# pse revenge tuning



## redhookred1 (Dec 9, 2008)

I wouldnt tune my bow until You decice what draw weight you want to pull...... make sure your limbs are adjusted equally and check that the marks on the cams are in the same position. The Drive cams are really easy to set up and tune! My Revenge is smokin fast! I was pleasantly suprised ! I havent had any issue with peep rotation.


----------



## Rod Savini (Nov 23, 2011)

That is weird. I am still climbing up to 70lbs and are at 66lbs and just made sure everything is correct and then I sight in my sight.


----------



## redhookred1 (Dec 9, 2008)

Just sayin to tune after a poundage change................You dont just want to crank up pundage without checking timing marks and limb position.


----------



## hillwilly (May 20, 2011)

Where are the timing marks supposed to be?


----------



## redhookred1 (Dec 9, 2008)

Each cam in the same position,yours look a little off...


----------



## helix33 (Jul 10, 2006)

The timing marks are for reference only and really don't matter much.

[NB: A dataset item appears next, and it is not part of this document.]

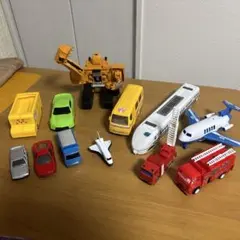 色々な乗り物12点のサムネイル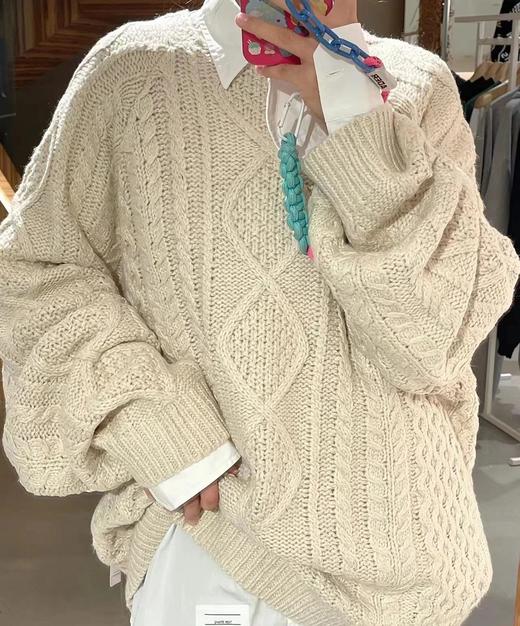 只剩大码数勒 ESS 宽松廓形 厚重麻花圆领毛衣 MY101 商品图3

The DC cam in reallity is pretty much a single cam bow as far as tuning goes since there's only 1 drawstop. Check your draw weight, draw length, ATA, and brace. If they're all close to the factory specs listed by PSE your good to go. The draw length will usually be 1/4 long on PSE's when measured on a draw board. AMO draw length is measured from the deepest part of the grip throat to the string at full draw then add 1 3/4".


----------



## rodneyroberts32 (Nov 17, 2008)

It the marks are centered on the cable or on the same side they are good. I just finished setting up my Vendetta same cams. Just make sure they are not on oposite sides of the string. both on inside or outside they look good to me.


----------



## Huntinsker (Feb 9, 2012)

I wouldn't doubt your string twisting a bit. We sell a lot of PSE where I work, not the Revenge, but if they put the same strings on the Revenge as they do the Bowmadness series, they are pretty bad. We took one out of the box, into the range and shot it 20 times to relax the string and cables. In those 20 shots, the peep rotated a full 3 1/2 times. If it were me, I'd order new strings before I did too much fighting with them.


----------



## stjoebowhunter (Mar 12, 2011)

I had the peep rotate on me too when I cranked it up 2lbs even. I just turned the string a half twist and it cured it mostly there is still some slight rotation every now and again. I think it s due to the speed this bow shoots.


----------